I've taken courses mainly on mathematical statistics/probability/computational statistics. Those courses only talk about theoretical well-defined problem settings, so although it helped me refine my mathematical skills, but didn't really help me build the philosophy. Now I'm taking 'STAT525: Intermediate Statistical Methodology', and it makes me to think more on foundations of Statistics.

At the time I first heard about Bayesian Statistics when I was an undergraduate, it didn't appealed much to me since Bayesians' notion of "personal" probability didn't make much sense. In most cases, nobody knows which prior to use. Then what does posterior probability mean?

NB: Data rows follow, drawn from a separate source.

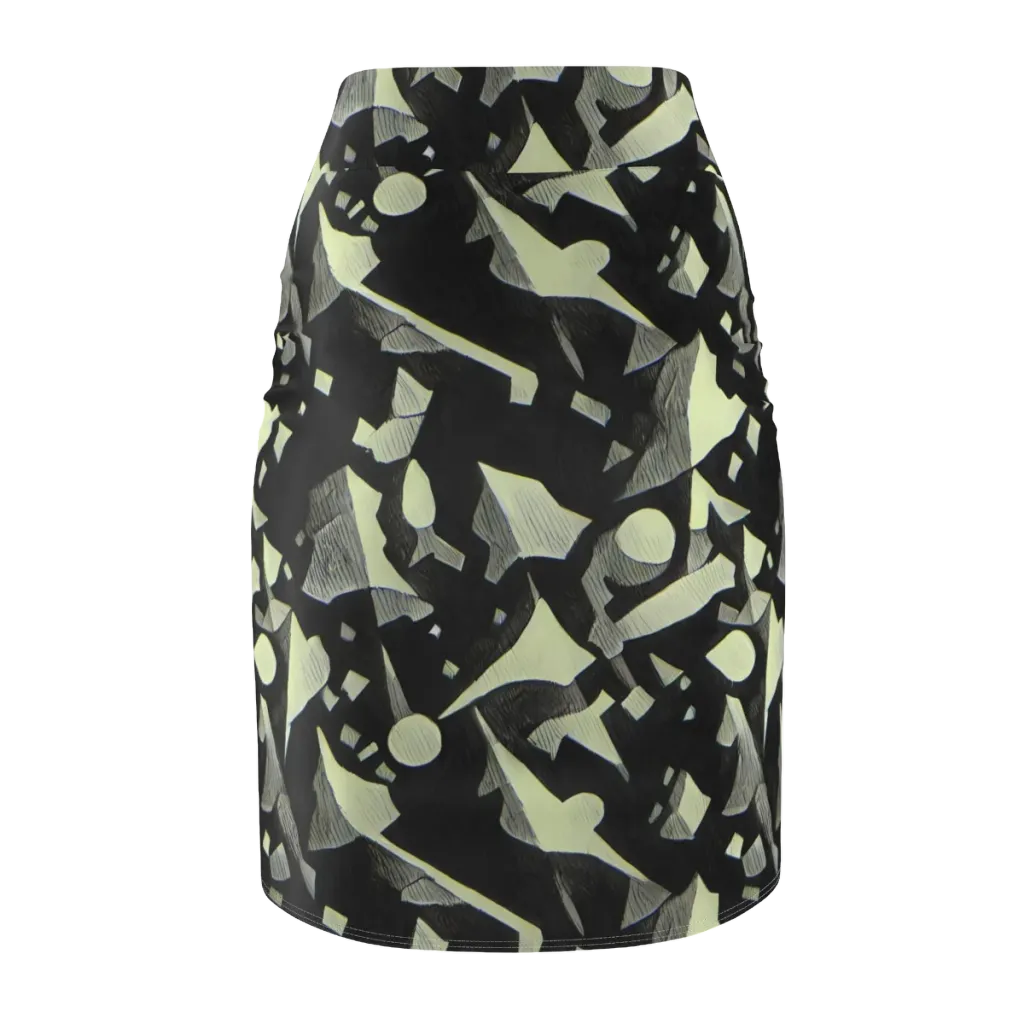 Obsidian Circuit on Pencil Skirt — Back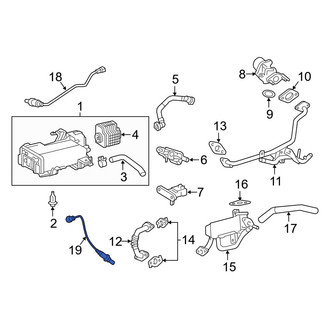 Lexus OE - Rear Oxygen Sensor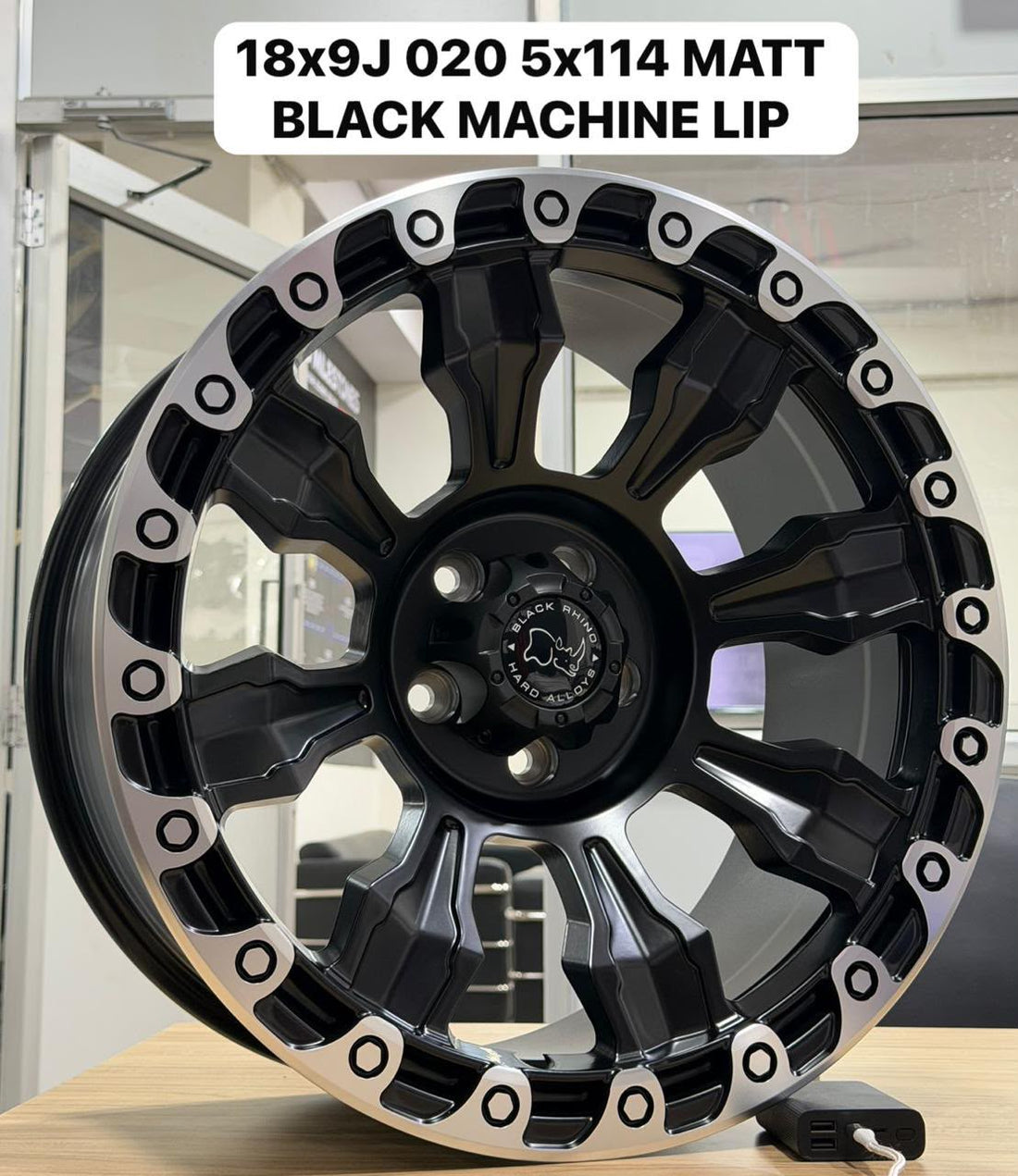 Black Rhino Hard Alloys 020 Black Machine Lip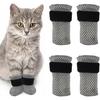4 PCS Cat Mittens To Prevent Scratching, Adjustable S Size Cat Booties To Prevent Scratching, Breathable Mesh Shoes, Prevent Scratches, Suitable for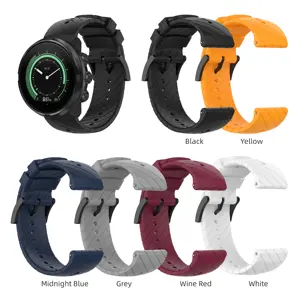 Eraysun 24mm correa de reloj de silicona deportiva para Suunto 9/9 Baro/D5 correa de repuesto para Suunto Spartan Sport pulsera Accesorios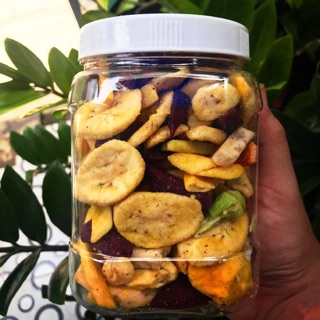 Combo 3 món [thập cẩm, chuối, mít] sấy đầy hủ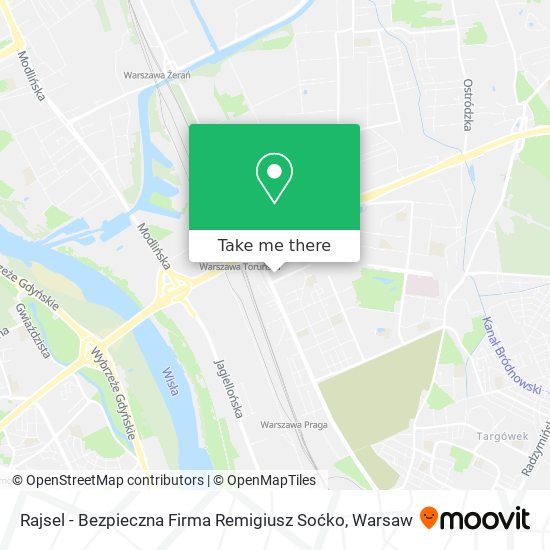 Rajsel - Bezpieczna Firma Remigiusz Soćko map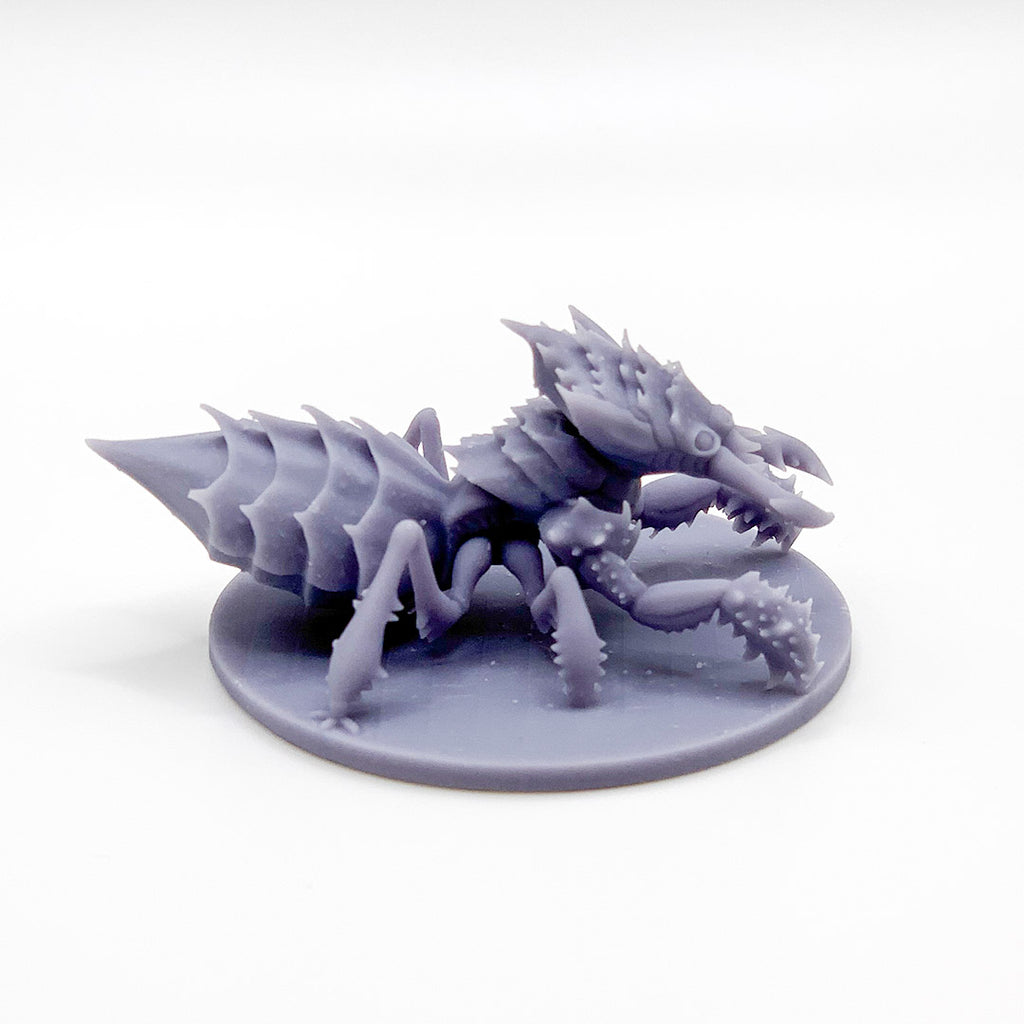 Ankheg Tabletop Miniature - Side view 1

But it seems that even frequentists are not that rigorous in interpreting probability, when it comes to application of their theory (which should be the ultimate goal of every statistical research). When using linear regression models, we all know that no error is really Gaussian, so every goodness-of-fit test fails when the number of data points is sufficiently large. However, we still use usual regression models since they are "robust" to deviation from normality: our estimates and confidence intervals may not very too much in mild conditions. How can we interpret probabilities, then? For example, how can we interpret what 95% confidence interval means when it does not contain the true parameter for 95% frequency?

Are Statisticians really in the position to blame data mining/machine learning people because outcome of their methods do not have clear probabilistic interpretations? We know that SVM is asymptotically median classifier. Don't most of statistical methods rely only on asymptotic results, especially when they're analyzing practical problems?

How much "objective" a statistical analysis can be? How much of "objectivity" is required? Can I answer these questions before I get Ph.D degree?